Conversation 62422 - Pourquoi les matsot?

philyossef
Samedi 31 mars 2012 - 23:00

Question de "philosophie de la halakha" qui m'a été récemment posée par un proche;
Pourquoi disons nous dans la hagada que nous mangeons des matsot parce que nos ancêtres n'ont pas eu le temps faire lever le pain, et parallèlement on nous raconte sans cesse que ce récit n'est pas une simple "commémoration" et doit être bien vivant et nous concerner ("comme si nous étions sortis d'égypte"), cette histoire de départ anticipé paraît en regard bien anecdotique...
Pour pousser la logique jusqu'au bout: si c'était du poisson qu'ils avaient entrepris de cuisiner avant de partir sans en avoir le temps, la tradition serait-elle de manger des sushis?...

Emmanuel Bloch
Lundi 2 avril 2012 - 08:17

Chalom,

Il en va de la mitsva de manger de la matsa comme des autres commandements: elle a recu de nombreuses interpretations differentes, en fonction de l'autorite rabbinique qui s'est penchee sur la question.

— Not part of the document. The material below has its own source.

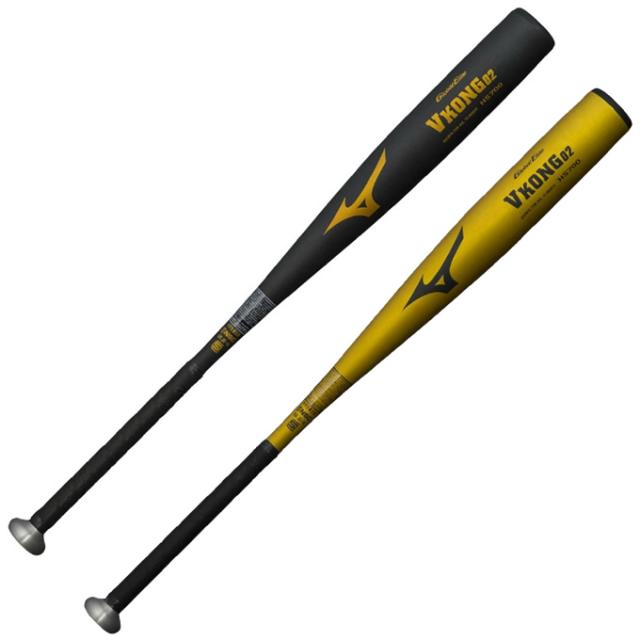 ボンバダ×ツララ ジャララッカ 68 Bombada Tulala Jararaca 68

Il serait tres interessant de comparer comment le commandement de manger la matsa a ete percu dans le Zohar, par le Rambam, dans le Sefer ha'Hinoukh, par r. Chimchon Raphael Hirsch, etc. Une telle etude illustre generalement a quel point il existe 70 manieres d'etudier la Torah. Je suis tout a fait partant pour faire une telle etude ... mais apres Pessah, si vous etes toujours preneur :). Avec toutes mes excuses, mais l'emploi du temps charge de l'avant-Pessah ne laisse que peu de temps aux recherches approfondies.

Pour ne pas vous laisser sur votre faim, je vous propose une nouvelle approche, laquelle demontre a quel point l'etude du monde antique peut enrichir notre comprehension de la Torah. En gros, l'idee est de dire qu'il existe une difference fondamentale entre la culture egyptienne et la culture des Hebreux: les premiers etaient sedentaires, les seconds nomades.

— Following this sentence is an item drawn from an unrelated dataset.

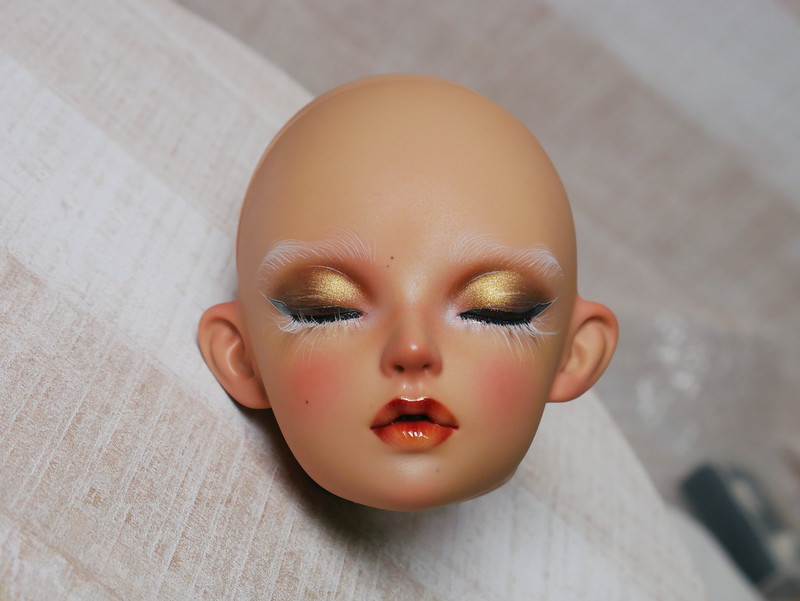 [​IMG]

L'Egypte etait un pays d'agriculture et, ainsi que les versets de la Torah en attestent, les pasteurs nomades y etaient tenus en pietre estime. Les Egyptiens avaient maitrise l'art de faire du pain leve, et le pain y etait considere comme un symbole de leur avance culturelle, a tel point que l'un des officiels de la cour du Pharaon etait le Sar ha-Ofim (ministre des pains). Chez les nomades, constamment en deplacement, on ne prenait pas le temps de faire lever le pain. Tout ceci est atteste historiquement, sur la base de decouvertes archeologiques, etc.

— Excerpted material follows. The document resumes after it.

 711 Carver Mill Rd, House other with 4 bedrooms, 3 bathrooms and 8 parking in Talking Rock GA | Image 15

Le commandement, qui a precede la sortie d'Egypte, de s'abstenir de manger du pain leve, represente ainsi un abandon total de la culture egyptienne. La liberte passait par l'adoption d'un mode de vie nomade, represente par la matsa. La "hate" de la Sortie d'Egypte n'est pas la justification anecdotique de la confection des matsot, mais le symbole de la vie nomade, constamment en mouvement et sur le qui-vive.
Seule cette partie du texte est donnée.